> INFORMATION SHOWN
───
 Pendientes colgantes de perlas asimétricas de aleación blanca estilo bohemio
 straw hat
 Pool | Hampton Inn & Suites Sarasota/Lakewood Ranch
───
> WORK ORDER
After reading the listing, copy all of it out exactly.

> YOUR SOLUTION
 Pendientes colgantes de perlas asimétricas de aleación blanca estilo bohemio
 straw hat
 Pool | Hampton Inn & Suites Sarasota/Lakewood Ranch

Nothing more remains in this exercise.